Massachusetts Attorney General Andrea Campbell this week issued a strong critique of the state’s Gas System Enhancement Program (GSEP), which aims to fix gas pipes prone to leaks and safety issues. Campbell argues that the program has become an expensive project that drives up costs for consumers and that gas companies must change their approach to reduce these costs.
The GSEP, launched a decade ago, was initially intended to address safety concerns by replacing faulty pipes. However, Campbell believes it has evolved into a massive construction initiative that benefits gas companies at the expense of ratepayers.
“Ratepayers should not have to bear the cost of widespread gas line replacements, especially as we work toward transitioning to clean energy,” Campbell said in a statement to GBH News. “These blanket replacements only serve to strengthen the gas distribution system and increase profits for gas companies.”
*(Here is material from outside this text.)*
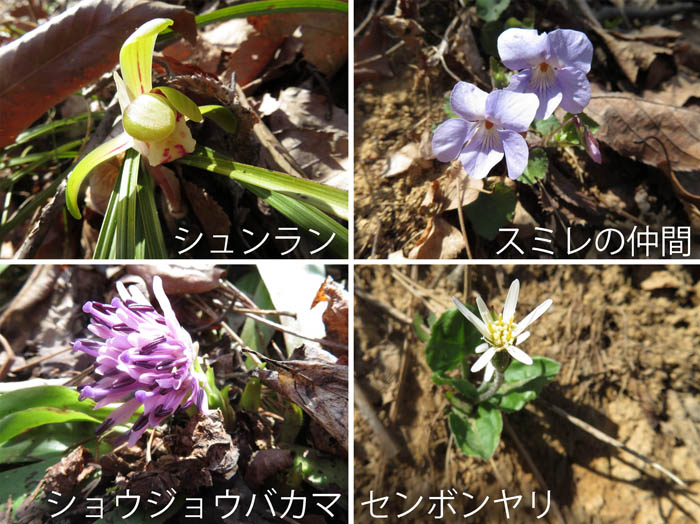 photo：シュンラン,ショウジョウバカマ,スミレ,センボンヤリ・千曲市大雲寺自然探勝園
In a 49-page brief filed this week with the Department of Public Utilities (DPU), Campbell argued that gas companies should focus on targeted repairs instead of costly new pipes. She also called for gas companies to demonstrate how they are exploring clean energy alternatives to replace natural gas infrastructure.
The cost of the program has surged significantly. In 2015, the program’s spending was $291 million, but it is expected to reach $880 million in 2025. This represents an average annual increase of nearly 12%. Critics, including clean energy advocates, say the program is an inefficient use of funds, with rising costs impacting consumers.
Originally designed to quickly replace aging, leak-prone pipes, the program has grown into a comprehensive rebuilding effort. Critics argue this rebuilding is unnecessary, particularly as the state aims to reduce greenhouse gas emissions and shift to cleaner energy sources by 2050.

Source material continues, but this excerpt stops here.